Hello, Prof Andrew Ng said that “unless you have large dataset and large computational margin,” we have to train the network from scratch. My question is on what data range is the transfer learning only applicable? Thank you!
Hi Michelle,
Thanks for bringing this interesting question.
I do not have an exact answer for that. My understanding of Transfer Learning is this one:
Transfer learning is usually done for tasks where your dataset has too little data to train a full-scale model from scratch.
Thus instead of looking for a range or a number that might be different depending on the data type and each application, I would also find a motivation regarding performance and re-using computational resources. Of course the baseline model that you want to use as a reference needs to be trained on a big dataset, but how big does it need to be? You need to study each use case in a separate way, for instance thousands of pictures might be enough in one specific classifier type but not in another case.
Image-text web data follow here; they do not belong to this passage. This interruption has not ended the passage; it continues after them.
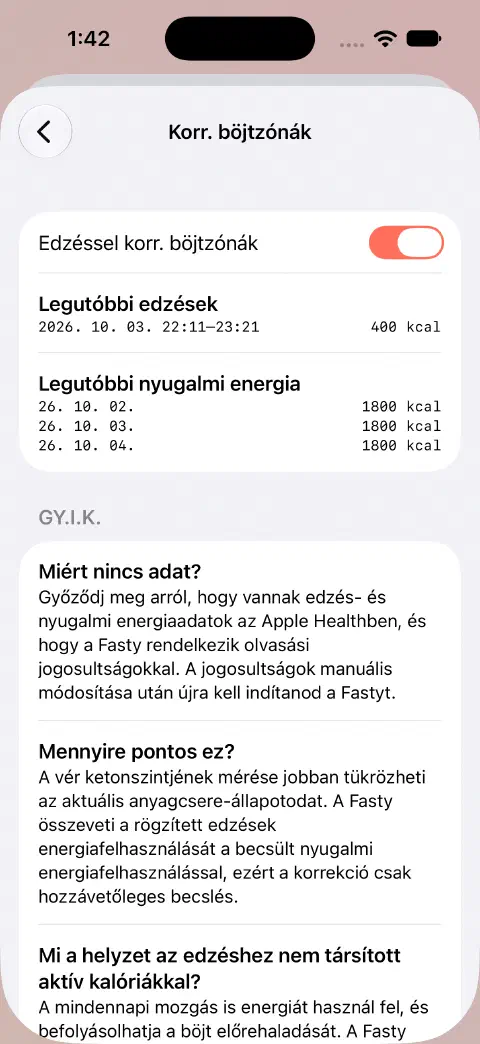Az igazított böjtzónák bekapcsolva, alatta egy bemutató 400 kcal-os edzéssel és a legutóbbi nyugalmi energiaértékekkel.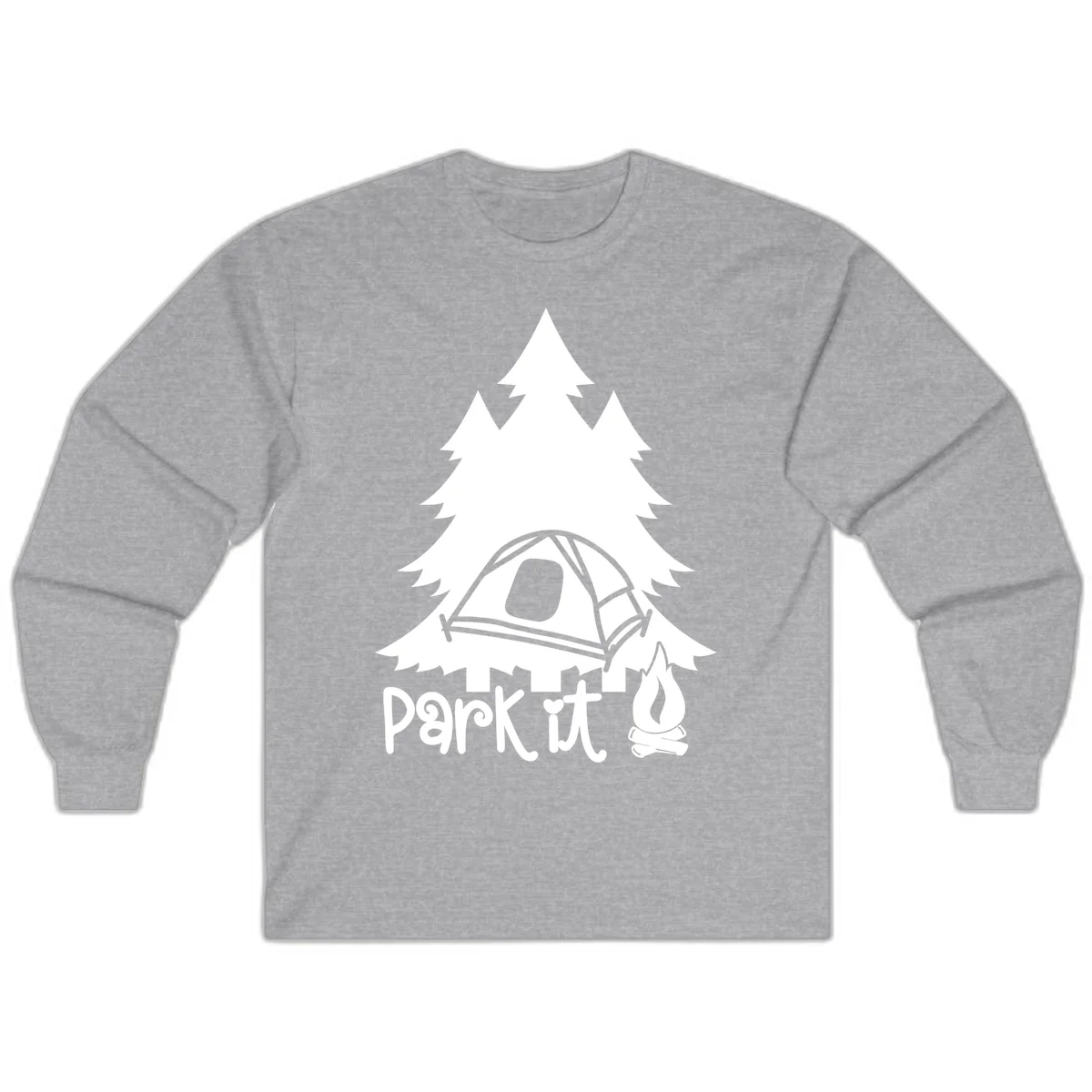 Park it camping design with evergreen trees, pitched tent, and campfire illustration with text in Sport Grey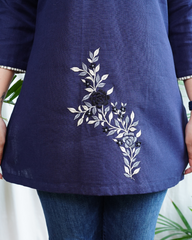 Solid blue embroidered short kurti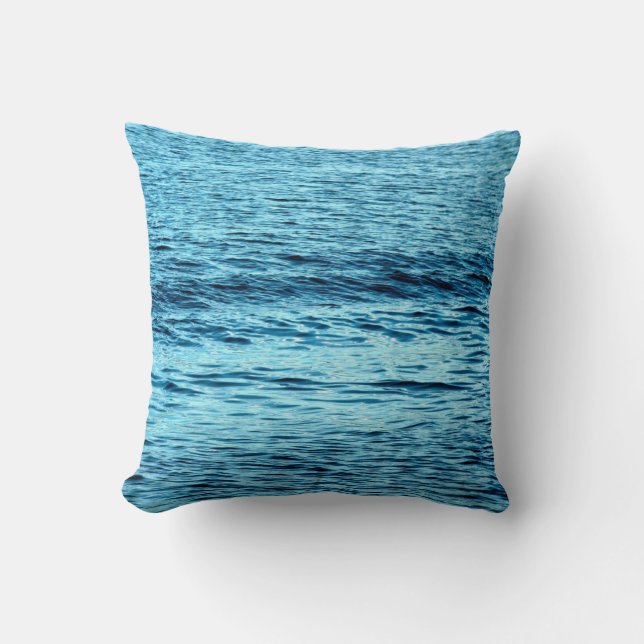Coussin Blue water wave abstract backgroundabstract, aqua, (Recto)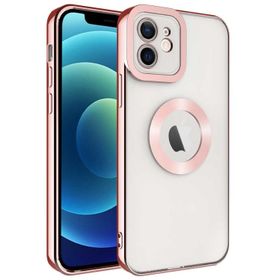 Lopard Roze Altın iPhone 12 Uyumlu Kamera Korumalı Logo Açık Silikon Kılıf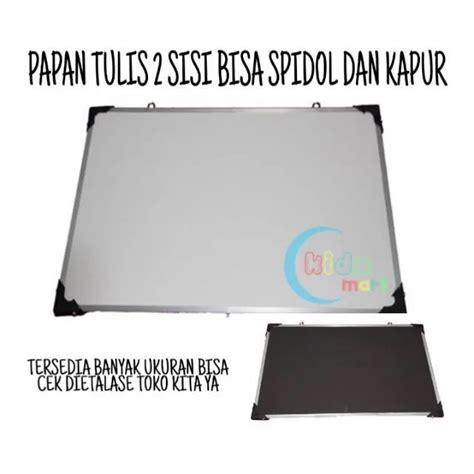 Whiteboard X Papan Tulis Anak Putih White Board Sisi Spidol Dan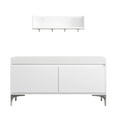 thumbnail image 6 of Noble House Wall-Mounted Entryway Shelf with Hooks and Storage Bench Set, Shoe Cabinet with Cushion, White, 6 of 11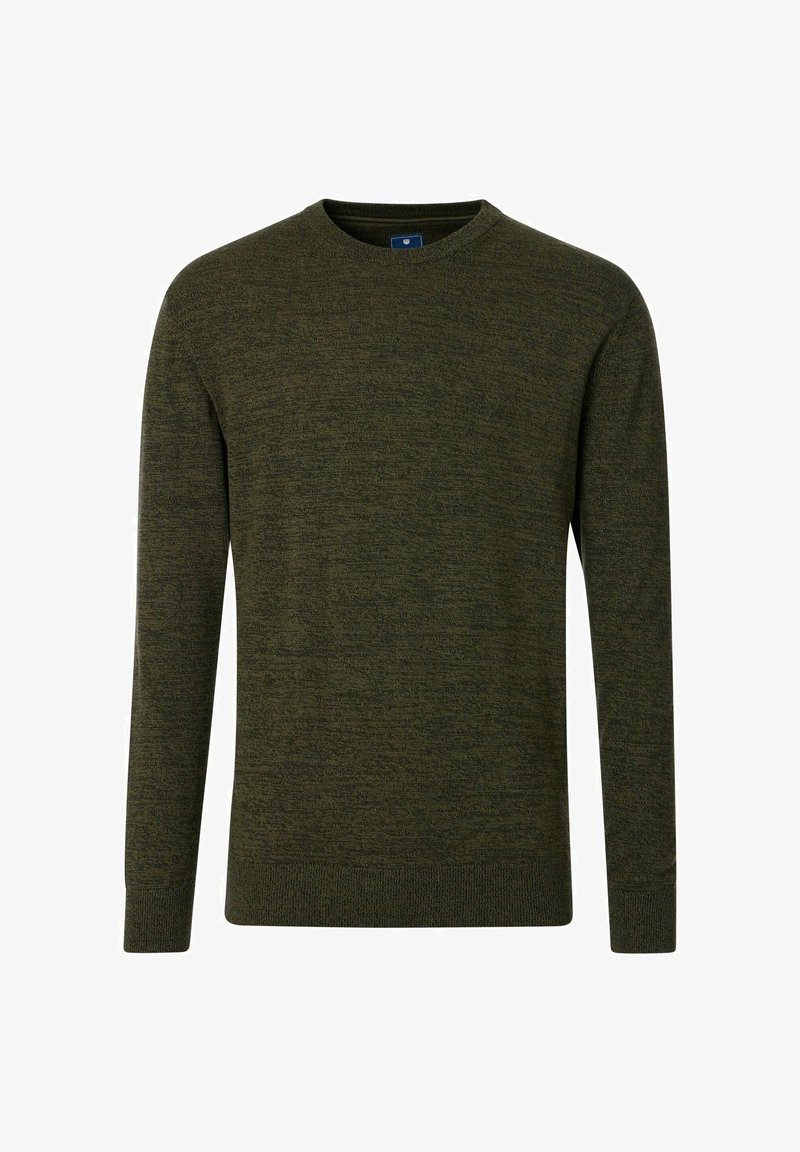 Grüner Strickpullover mit rundem Halsausschnitt, langen Ärmeln und gerippten Bündchen. Der strukturierte Stoff hat ein dezentes Muster. Keine sichtbaren Beschläge oder Akzente.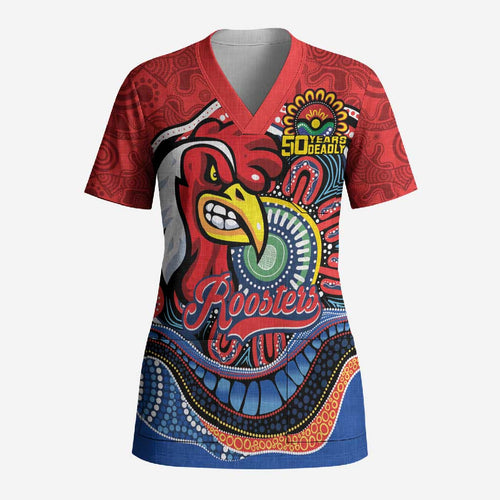 Custom Roosters Honouring First Nations Scrub Top NAIDOC 2026 Deadly 50 Years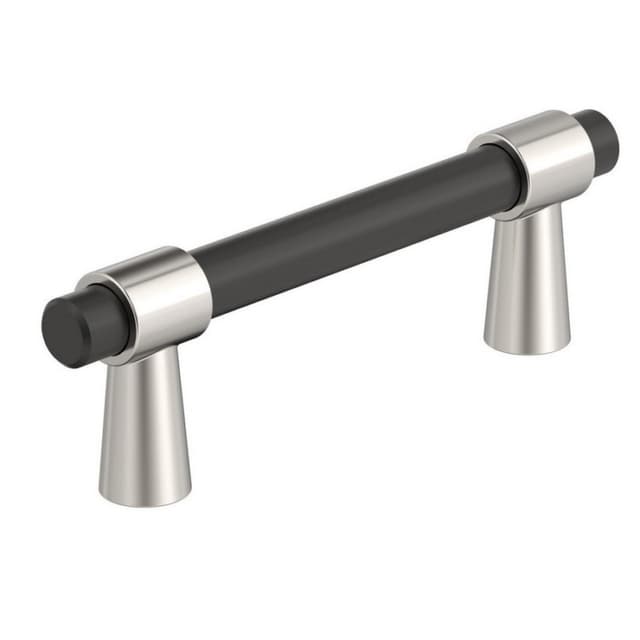 3" Mergence Cabinet Pull, Matte Black/Polished Nickel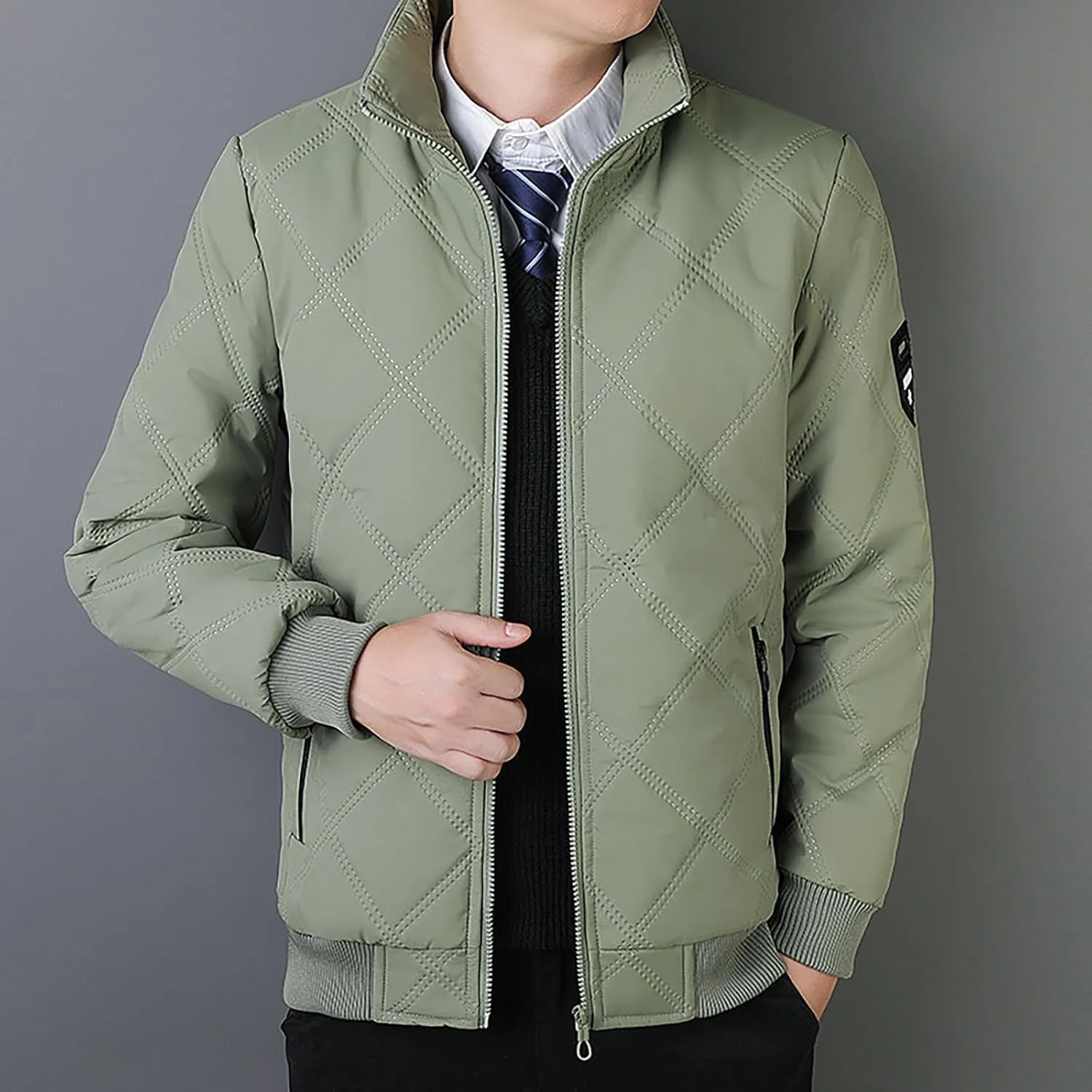 Mens Winter Jacket Warm Puffy Jacket Full Zip Puffer Jacket Quilted Insulated Jacket Down Jacket for Men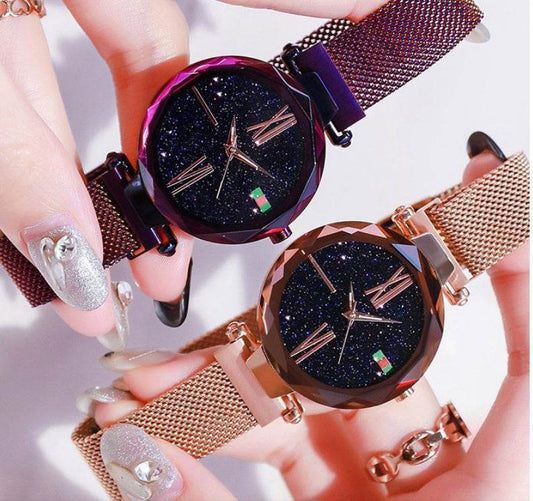 Buy Center Starry Sky Women's Watch - Diamond Quartz with Magnet Mesh - Buy Center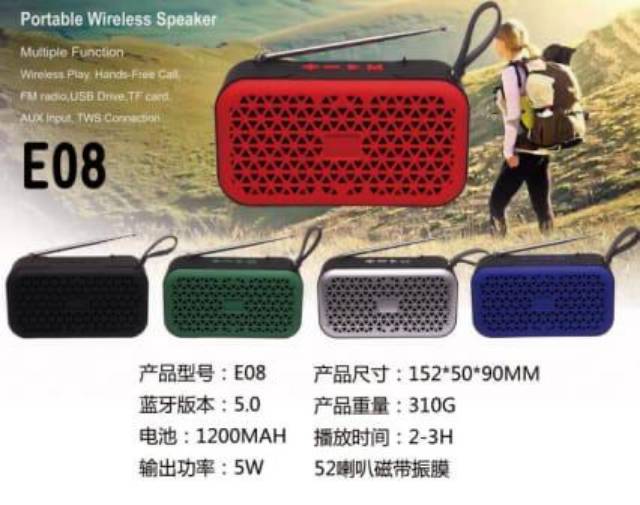 Speaker Bluetooth E08 FM Radio Super Bass Speaker Wireless Bluetooth E08 Extrabass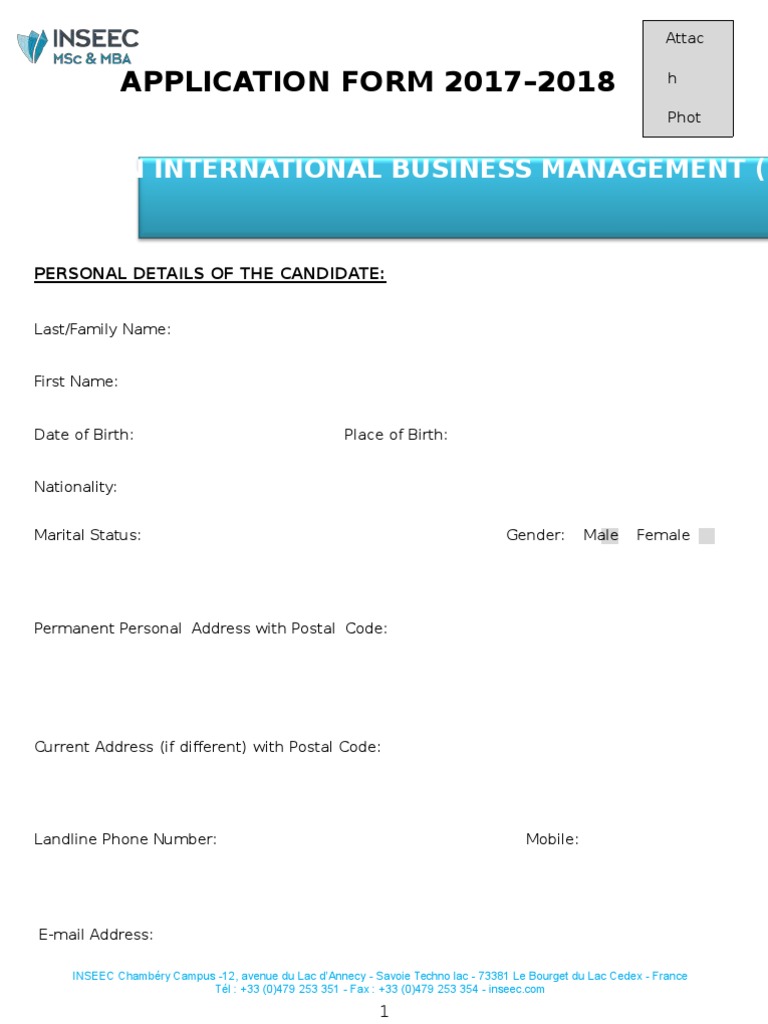MSc International Business Management Application | PDF | Fee | Business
Please do read this article about the topic:
Best,
Rosa
Another reason for transfer learning is that there exist highly developed and good performing models, trained by experts on massive data sets, but maybe they output the wrong shape. Say, it was trained on ImageNet and handles 1,000 classes, but you only want to classify images as dog or cat. You can take an existing model, ResNet or MobileNet, and modify only the layer producing the output shape. Vastly reduces the number of parameters to train. I think the idea is ‘Google trained MobileNet for us, let’s try to use as much as we can.’